You’re right. This thing can come up in terms of “predicting human behaviour”, if the AI is sneaky enough. It wouldn’t come up in “compare human models of the world to reality”. So there are subtle nuances there to dig into...
If the human is in of the very few with a capacity or interest in grand world changing schemes, they might have trouble coming up with a genuine utopia. If they are one of the great majority without, all you can expect out of them is incremental changes.
And there isnt a moral dilemma in building the AI in the first place, even though it is ,by hypothesis, a superset of the human? You are making an assumptions or two about qualia, and they are bound to .be unjustified assumptions.
Most people I’ve talked to have one or two world changing schemes that they want to implement. This might be selection bias, though.
It is not at all obvious to me that any optimizer would be personlike. Sure, it would be possible (maybe even easy!) to build a personlike AI, but I’m not sure it would “necessarily” happen. So I don’t know if those problems would be there for an arbitrary AI, but I do know that they would be there for its models of humans.
It is not at all obvious to me that being personlike is necessary to have qualia at all, for all that might be necessary for having personlike qualia.

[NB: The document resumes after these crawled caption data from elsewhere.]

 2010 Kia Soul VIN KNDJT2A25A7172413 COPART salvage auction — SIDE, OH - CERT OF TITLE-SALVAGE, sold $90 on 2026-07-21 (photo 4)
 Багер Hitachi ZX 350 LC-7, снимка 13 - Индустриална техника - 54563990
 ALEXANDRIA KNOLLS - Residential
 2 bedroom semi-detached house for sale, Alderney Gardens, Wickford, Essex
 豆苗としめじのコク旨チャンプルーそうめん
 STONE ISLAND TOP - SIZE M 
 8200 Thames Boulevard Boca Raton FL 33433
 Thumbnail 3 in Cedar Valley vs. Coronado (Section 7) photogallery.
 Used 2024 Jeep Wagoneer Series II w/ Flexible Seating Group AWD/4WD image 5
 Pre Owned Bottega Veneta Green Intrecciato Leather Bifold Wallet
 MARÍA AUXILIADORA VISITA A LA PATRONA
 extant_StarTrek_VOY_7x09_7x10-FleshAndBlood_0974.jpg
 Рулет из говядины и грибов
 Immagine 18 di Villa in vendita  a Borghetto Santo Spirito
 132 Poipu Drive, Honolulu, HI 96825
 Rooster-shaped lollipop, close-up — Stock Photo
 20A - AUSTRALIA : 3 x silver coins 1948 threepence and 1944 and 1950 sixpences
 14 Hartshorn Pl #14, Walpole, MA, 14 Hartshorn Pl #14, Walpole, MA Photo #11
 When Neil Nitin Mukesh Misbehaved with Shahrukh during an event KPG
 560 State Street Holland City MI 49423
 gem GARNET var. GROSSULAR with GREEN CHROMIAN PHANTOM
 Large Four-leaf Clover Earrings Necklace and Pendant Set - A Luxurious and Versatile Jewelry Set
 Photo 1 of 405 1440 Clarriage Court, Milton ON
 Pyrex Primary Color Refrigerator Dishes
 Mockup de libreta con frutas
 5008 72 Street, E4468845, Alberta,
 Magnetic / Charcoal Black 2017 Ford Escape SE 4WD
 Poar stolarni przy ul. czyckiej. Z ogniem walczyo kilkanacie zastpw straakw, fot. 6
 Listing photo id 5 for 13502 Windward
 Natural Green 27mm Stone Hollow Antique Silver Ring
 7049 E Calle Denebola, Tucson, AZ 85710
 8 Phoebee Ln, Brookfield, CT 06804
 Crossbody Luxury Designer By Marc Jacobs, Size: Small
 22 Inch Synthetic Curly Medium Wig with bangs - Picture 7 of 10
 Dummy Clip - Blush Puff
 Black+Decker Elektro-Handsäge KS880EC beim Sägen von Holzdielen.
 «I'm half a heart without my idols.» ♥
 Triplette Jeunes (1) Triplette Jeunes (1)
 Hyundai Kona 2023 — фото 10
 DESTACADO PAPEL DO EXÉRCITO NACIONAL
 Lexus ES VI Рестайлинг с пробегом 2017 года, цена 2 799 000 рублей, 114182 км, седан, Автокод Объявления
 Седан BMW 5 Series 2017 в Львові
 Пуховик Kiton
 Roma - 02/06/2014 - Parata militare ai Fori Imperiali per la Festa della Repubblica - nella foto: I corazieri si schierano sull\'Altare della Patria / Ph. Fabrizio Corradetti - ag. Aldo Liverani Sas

I dislike the concept of qualia because it seems to me that it’s just a confusing name for “how inputs feel from the inside of an algorithm”.
In a sense you should be confused about qualia/TWAAFFTI, because we know next nothing about the subject. It might be the case that we “qualia” adds some extra level of confusiojn,...although it might alternatively be the case that TWAAFFTI is something that sounds like an explanation without being actually being an explanation. In particular, TWAAFFTI sets no constraints on what kind of algorithm would have morally relevant feelings, which reinforces my original point: if you think an embedded simulation of al human is morally relevant, how can you deny relevance to the host, even at times when it isnt simulating a human?
Maybe it would be clearer if we looked at some already existing maximization processes. Take for instance evolution. Evolution maximizes inclusive genetic fitness. You punish it by not donating sperm/eggs. I don’t care, because evolution is not a personlike thing.